A verdade é que há dinheiro para comprar viaturas, mas, há muito pouco para mantê-las trafegando, todavia, patrulhamento rodoviário estático, "posicionado", é uma antinomia, é mais um "faz de conta", entre muitos outros neste País. Tal patrulhamento só serve para acumular multas que não educam, antes causam revolta; não reduzem as infrações, nem os acidentes e as vítimas.

Onde esse patrulhamento funciona, como nos EUA, Canadá e Europa, acompanha o tráfego; obriga, por seu próprio deslocamento, a obediência à velocidade limite. Oculta-se, sim, não "posicionando-se" em "pegadinhas" para multar apenas, mas, movendo-se até em veículos não identificáveis para agir no momento exato da infração e fazer sentir ao motorista que estará onde menos se espere.

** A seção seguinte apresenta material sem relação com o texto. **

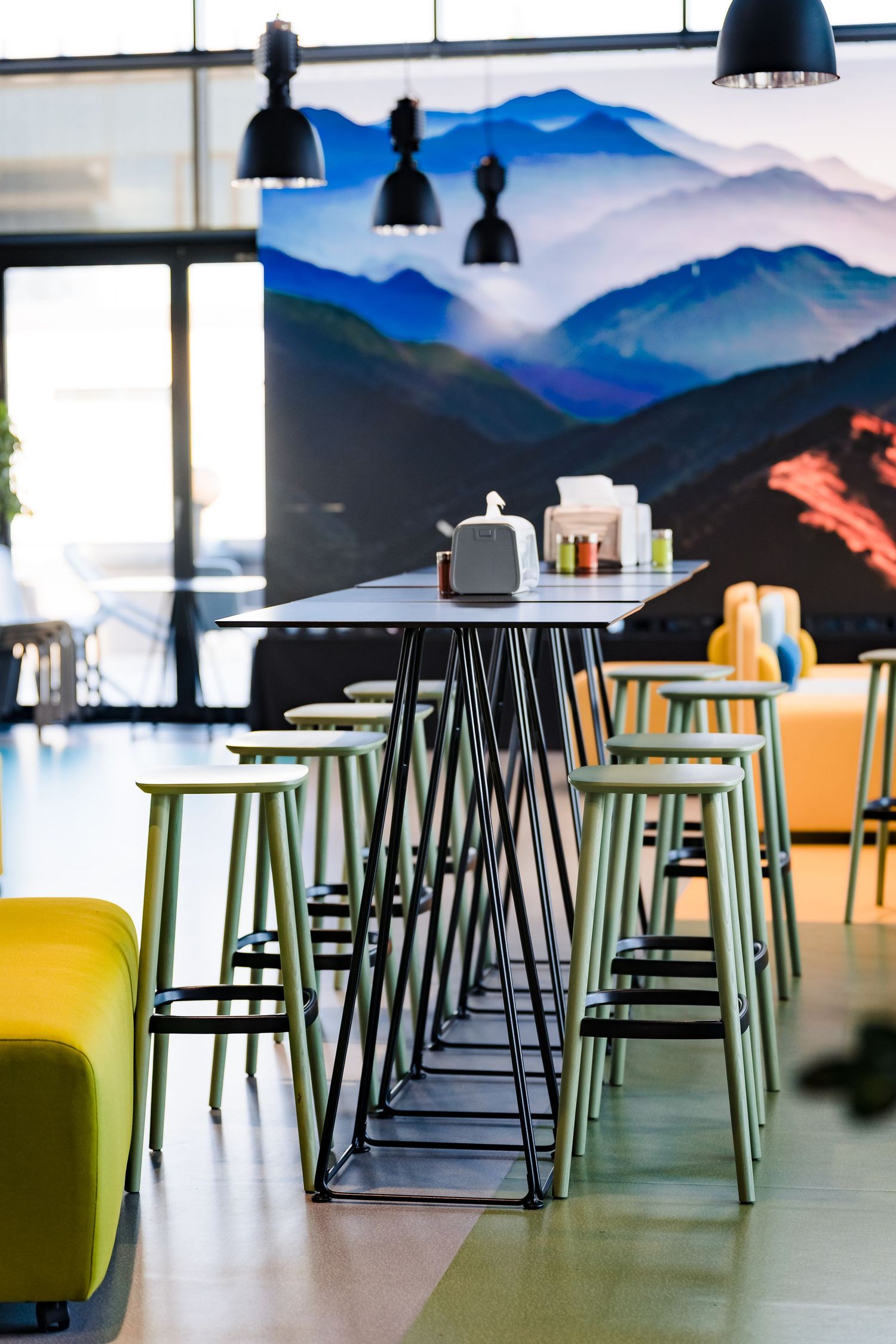 Tall bar table with green stools in a bright modern cafe with pendant lights and a mountain landscape mural.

Todo este patrulhamento voltado a resultados - poupar vidas preciosas, à educação no tráfego, ao disciplinamento do motorista, portanto, de grande eficácia, é possível por em prática sem se dispor de meios eletrônicos de visualização e de comunicação e de técnicas de fiscalização à distância que melhorariam ainda mais a eficácia do processo.

A verdade é que, fosse a vida humana de tão pouco valor aos olhos das nossas autoridades e da sociedade - síndrome terrível do subdesenvolvimento, e o que criticamos aqui poderia ser prontamente corrigido, já que tudo o que foi exposto pode ser visto em qualquer filme americano da sua Polícia Rodoviária.

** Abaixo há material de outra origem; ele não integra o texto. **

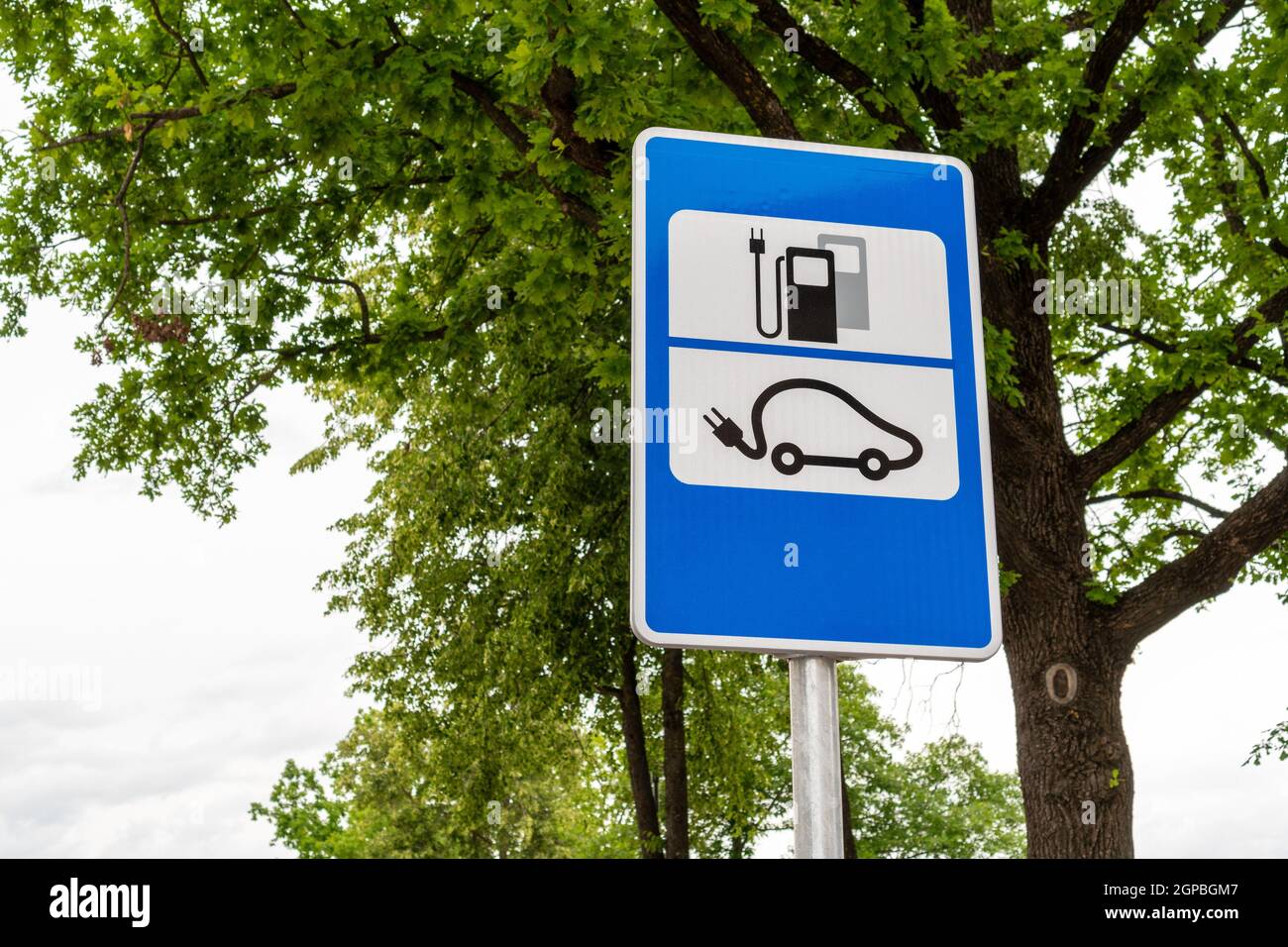 Electric car charging station road sign Stock Photo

Se é falta de recursos, modifique-se a legislação, para que os valores arrecadados pelas multas (que aumentariam muito com o efetivo patrulhamento) revertam, integralmente, para a modernização e o custeio desse patrulhamento eficaz. Paguem-se, em conseqüência, melhores salários que inibam agentes de achacar motoristas faltosos corrompendo-se, desta forma, todo o processo educativo e disciplinador que deveria ser o objetivo primordial de uma Polícia Rodoviária. É impossível obter eficácia com policiais mal pagos, mal orientados, pois, mais preocupados em vistoriar documentação - policiamento fiscal, do que em fazer, de fato, patrulhamento rodoviário. É o tráfego indisciplinado e desrespeitador que mata, não a documentação porventura irregular.

Deixemos de fazer "pegadinhas" e exijamos um policiamento apto e competente, digno de uma instituição séria, cujos recursos sejam gastos com eficácia - vidas salvas e disciplinamento forçado.

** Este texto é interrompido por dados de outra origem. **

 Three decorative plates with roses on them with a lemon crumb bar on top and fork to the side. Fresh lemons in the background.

Avaliemos o custo social e econômico de cada vida ceifada no trânsito, ou das vítimas desabilitadas para a vida produtiva. É difícil estimá-lo, tal o número inacreditável de vítimas em nossas estradas, comparável ao de um país conflagrado.

Quatorze quilômetros para cada patrulheiro, numa estrada que movimenta 104 veículos por hora, em cada direção, só registra 27 vítimas em 6 meses por absoluta inépcia do policiamento, que não é patrulhamento. É um contundente desserviço ao turismo do litoral norte.